We’re all accustomed to seeing dignitaries, film stars and so on walking along a red carpet, and know it’s a sign of great respect, courtesy or just plain flattery. According to Wikipedia :-
“The earliest known reference to walking a red carpet in literature is in the play Agamemnon by Aeschylus, written in 458 BC. When the title character returns from Troy, he is greeted by his vengeful wife Clytemnestra who offers him a red path to walk upon:-
“ ‘Now my beloved, step down from your chariot, and let not your foot, my lord, touch the Earth. Servants, let there be spread before the house he never expected to see, where Justice leads him in, a crimson path.’
“Agamemnon, knowing that only gods walk on such luxury, responds with trepidation:
“ ‘I am a mortal, a man; I cannot trample upon these tinted splendours without fear thrown in my path.’ “
From the above, I imagine that Aeschylus wasn’t the first one to know about red carpets, just the first to mention such a thing. So how much earlier did they in fact come about? I don’t know, but I was curious enough to wonder when the first reference appeared in England.
I’m afraid I could go no further back than 16th July, 1377, and the coronation of Richard II. According to King Richard II by Bryan Bevan (and various other sources): “Scarlet cloth had been laid down by William de Latymer, the king’s almoner, from the hall of the Palace of Westminster to the Abbey. So the boy, Richard, wearing white robes and a pair of red velvet shoes with fleurs-de-lis worked on them in pearls, passed in procession to the Abbey.”

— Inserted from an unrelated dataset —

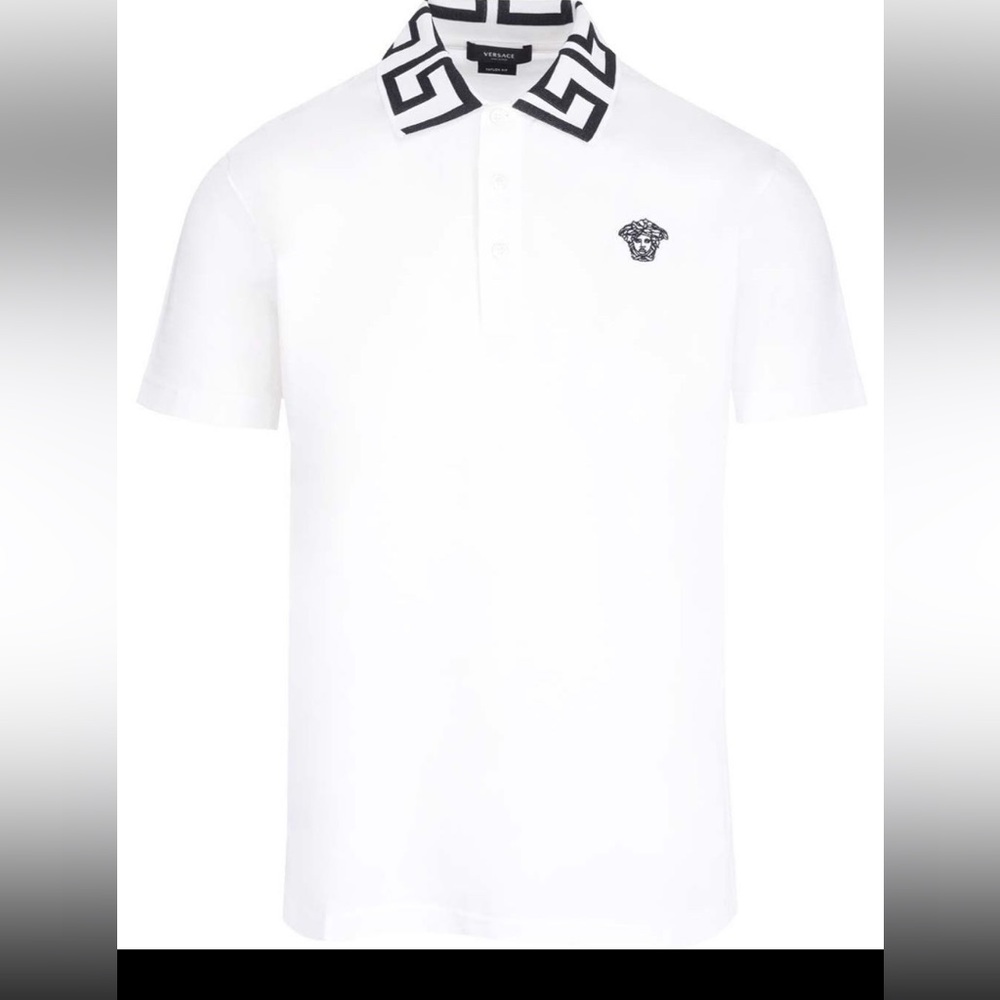 Versace men’s shirt worn once small spot can come out if take to cleaners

Finding an illustration of this first coronation procession to the Abbey has defied me. There appear to only be images of the boy king on the throne during the ceremony, and one afterwards, when the exhausted boy was carried shoulder-high from the Abbey. No glimpse of the “red cloth”.
As for finding any medieval illustration of a red carpet of any description, all I could locate was another from the reign of Richard II – concerning the death, on 7th June 1394, of his much loved wife, Anne of Bohemia. This shows only that the artist decided to furnish her bedchamber with a patterned red carpet. Whether or not this signifies her “film star” status, I don’t know.
So, was Richard’s coronation the first time in England? I doubt it, but must appeal to you for any earlier references.